Dans la situation présentée à la Cour, l’administration fiscale estime que la société CLAMAX et ses filiales sont des entreprises liées, elle additionne donc l’ensemble des données. Les seuils définissant la PME étant dépassés, les contribuables se voient refuser le bénéfice de la réduction ISF-PME.

 

La question est donc de savoir s’il s’agit dans les faits d’entreprises liées.

 

En l’espèce, l’instruction révèle que :

 

– Si la société CLAMAX détient 99,99 % des sociétés AUDIS DISROCK et SODISROY, les statuts de ces deux sociétés prévoient que la révocation du directeur général est décidée à la majorité des associés, chaque associé détenant une voix.

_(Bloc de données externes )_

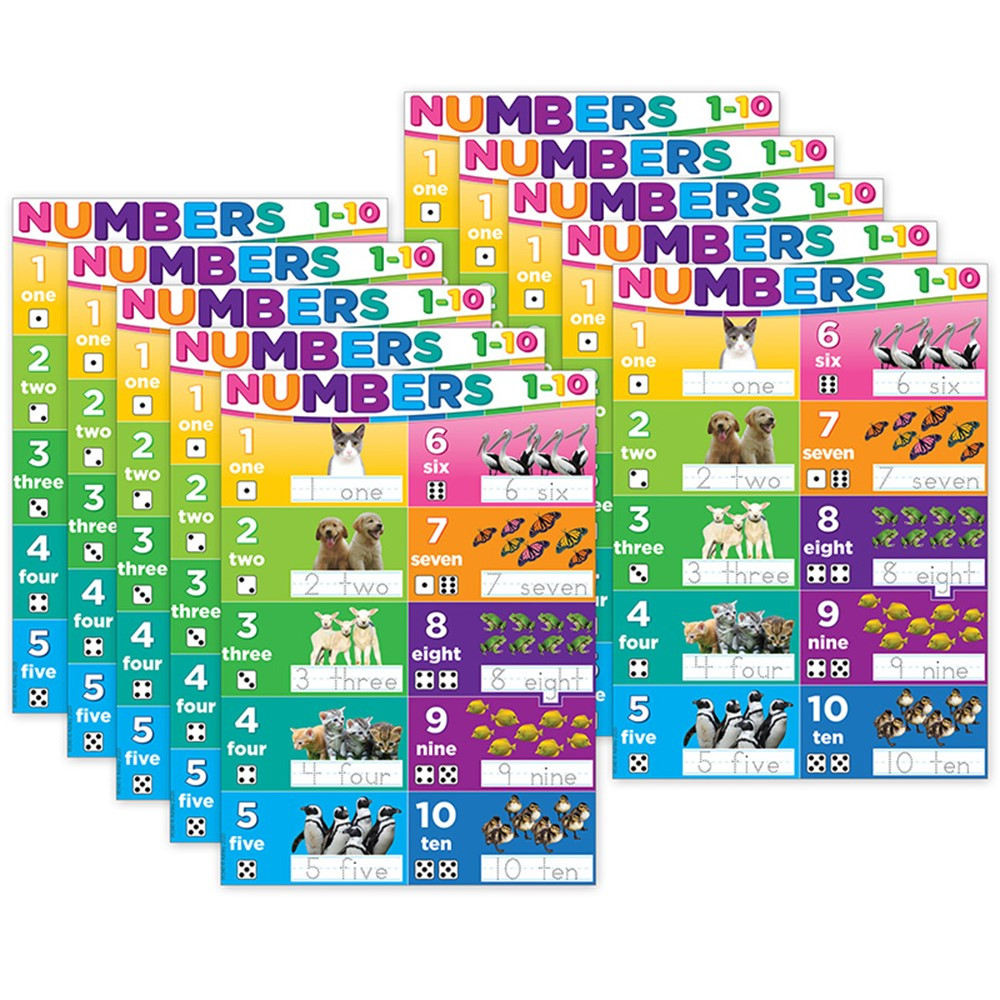 Smart Poly PosterMat Pals Space Savers, 13" x 9-1/2", Numbers 1-10, Pack of 10 - ASH97040 | Ashley Productions | Math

En outre, certaines décisions extraordinaires, doivent être prises à la majorité des deux tiers (chaque associé bénéficiant d’une voix) ou à l’unanimité des actionnaires.

 

– Si la société CLAMAX détient 99,5 % de la société GDANKDIS, les statuts de cette société prévoient que les décisions importantes doivent être adoptées à l’unanimité des actionnaires.

 

En conséquence, les décisions majeures et déterminantes au sein de ces sociétés ne peuvent être adoptées par la société CLAMAX seule.

 

La Cour d’appel de Poitiers déduit de l’ensemble de ces éléments que la société CLAMAX ne pouvant pas exercer une influence déterminante sur les sociétés AUDIS DISROCH, SODISROY et GDANKDIS, ni nommer ou révoquer les organes de direction, elle ne peut être considérée comme liée à ces sociétés au sens de l’article 3 de l’annexe I du règlement n° 70/2001.

 

Ce raisonnement n’est pas suivi par la Cour de cassation, laquelle retient une application littérale des textes. Elle juge que sont des entreprises liées les entreprises dont l’une à la majorité des droits de vote d’une autre.

 

Finalement, peu importe que les statuts empêchent la société mère de prendre seule des décisions, la simple détention de la majorité des droits de vote suffit pour qualifier des entreprises d’entreprises liées.